Wawasee Area Conservancy Foundation’s annual bug catch the Fourth of July weekend brought kids of all ages including their parents and grandparents, to the WACF Educational Center Saturday morning.
Diana Castell, ecology education director for WACF, noted the foundation is all about “preserving the water quality of our lakes, in efforts to do that, the bug catch program was started to teach young people about the value of having insects in the water and how important that is to water quality.” Nancy Brown, certified Hoosier water trainer, assists in the program.
Brown provided a brief educational lesson on benthic macroinvertebrates, or critters as she calls them, “The reason we look for benthic macroinvertebrates is because they help tell us what the water quality is. Just like you can tell the quality of water by the fish you catch, you can tell the kind of water quality you have by the insects that live in the water.”
Brown shared why these critters are important to the lake’s habitat — the food chain. “They depend on these critters.” She further explained she only looks for the bugs, “that’s how we identify water quality, certain animals can only live in very high water quality, we can tell by what we find.”
The group of close to 100 walked out to the lake front to begin their bug catching using nets and buckets with see-through bottoms.
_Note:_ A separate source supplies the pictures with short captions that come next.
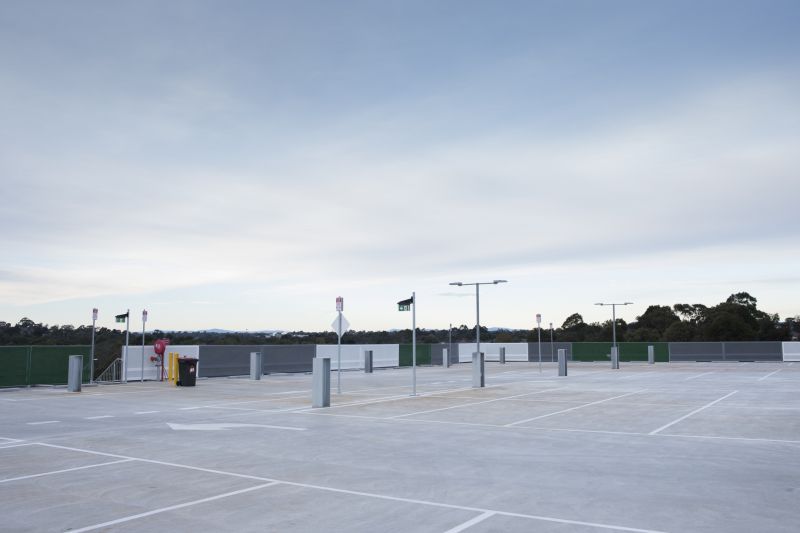 Concrete Parking Lot Paving Service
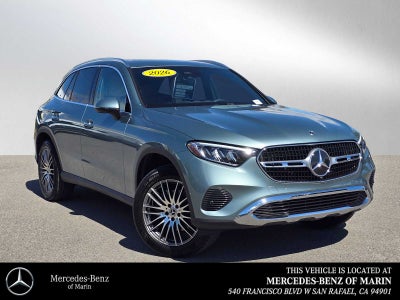 2026 Mercedes-Benz GLC 300 4MATIC® SUV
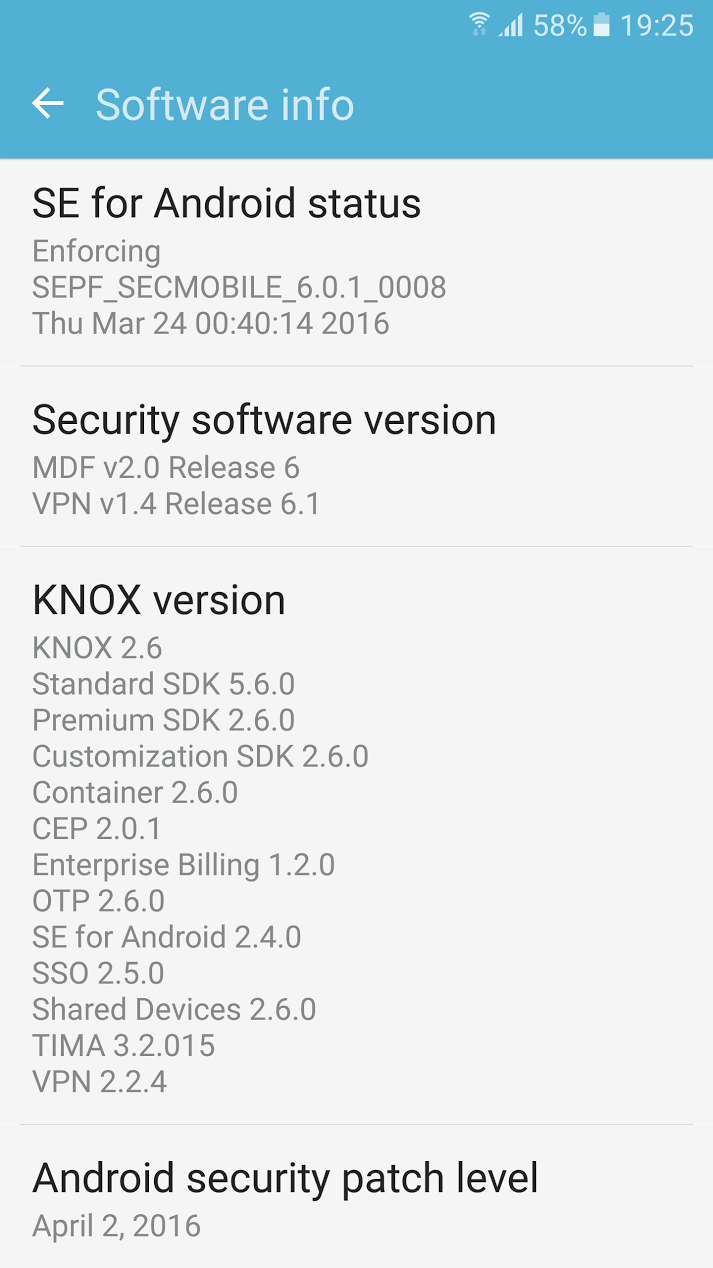 Samsung Galaxy S7 Edge
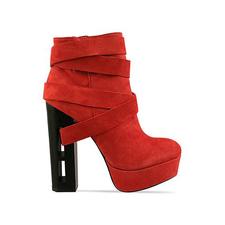 Dolce Vita Jyll in Red Suede at Solestruck.com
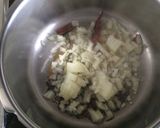 A picture of step 2 of Tuvar Dana Bhaat/Pigeon Peas Rice.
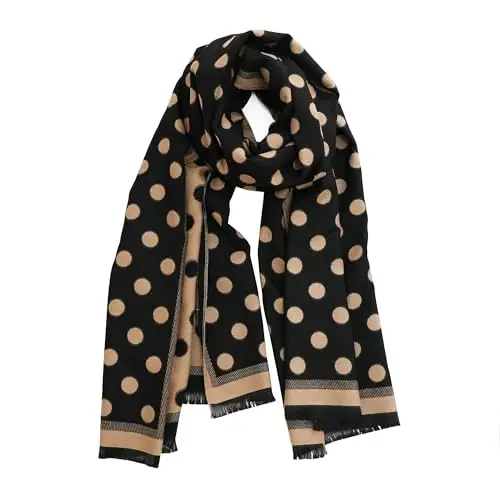 JERLA CasModazoneere Feel Scarf winter warm large soft Shawl wrap Scarf for women 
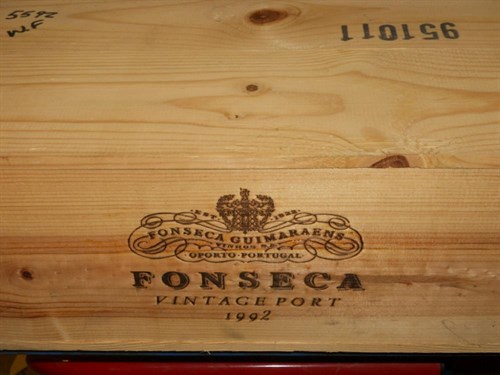 Lot 762 - Fonseca port 1992
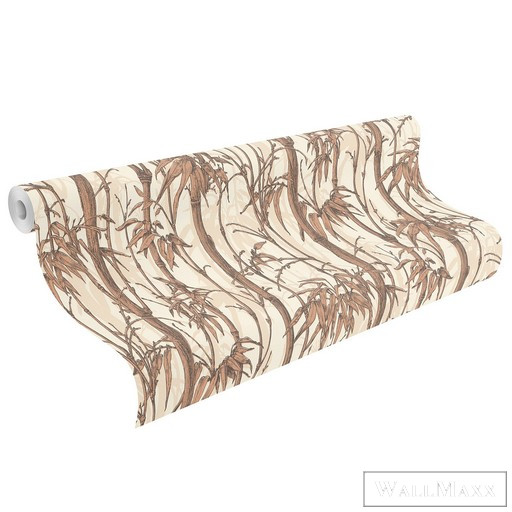 Rasch Florentine III 2024 819939 bézs Natúra bambusz mintás tapéta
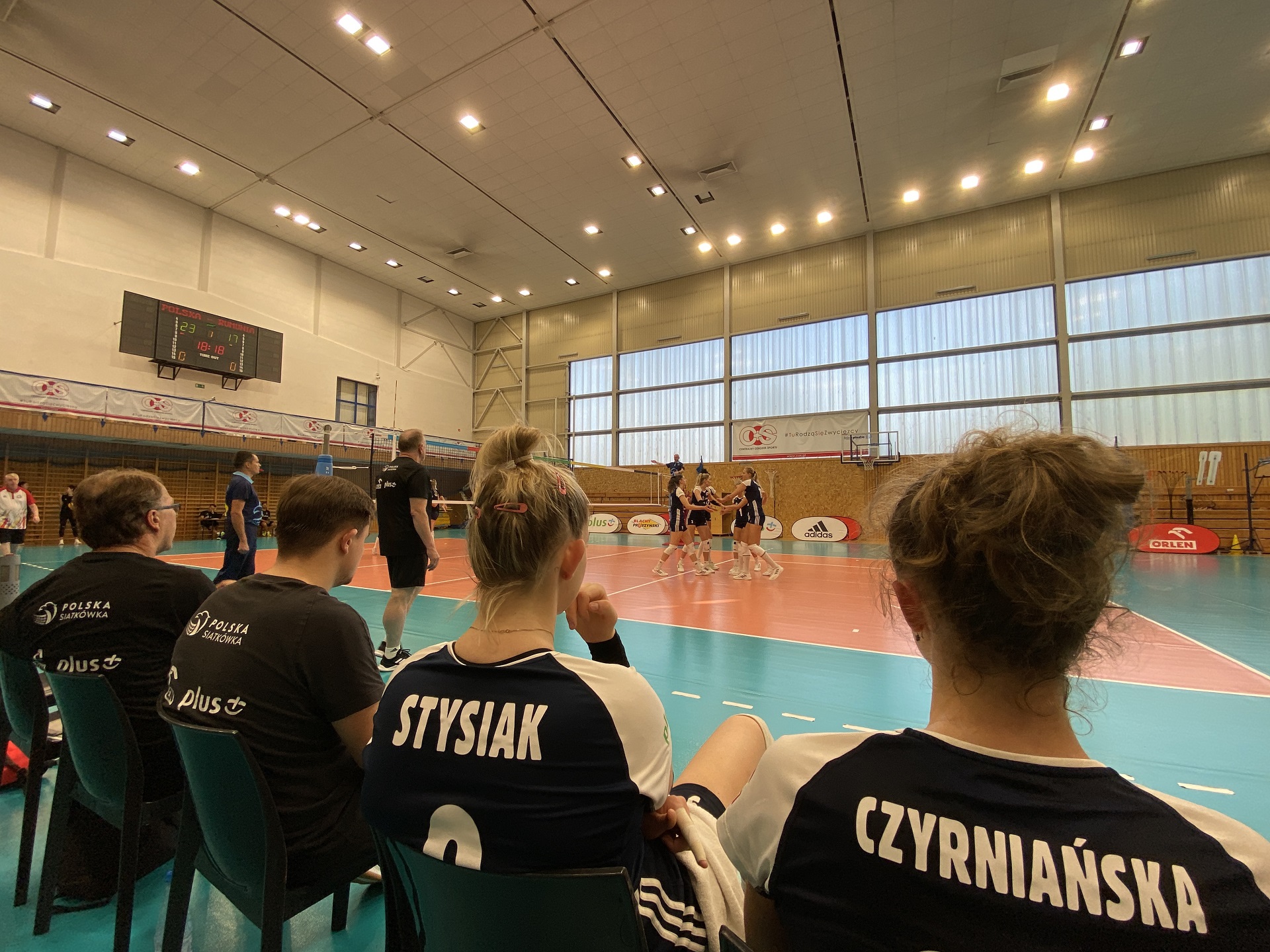 Mecz sparingowy nr 2 w Szczyrku: Polska - Rumunia 5:0 (WIDEO)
Sheets with various types of critters were on hand to look at what was caught, along with water magnifying containers. A variety of critters and non-critters were scooped up by the kids including dragonfly nymphs, zebra mussels and a few other lake life.
A light breakfast was provided before the fun began.
The bug catch is part of the WACF’s Lake Talk and Eats program the first Saturday of each month from June through August. The next Lake Talk and Eats will be Saturday, Aug. 1. The topic will be: invasive/exotic species.
The programs are 9 a.m. to 11 a.m. at the WACF Center, 11586 N. SR 13, Syracuse. Programs are free and open to the public.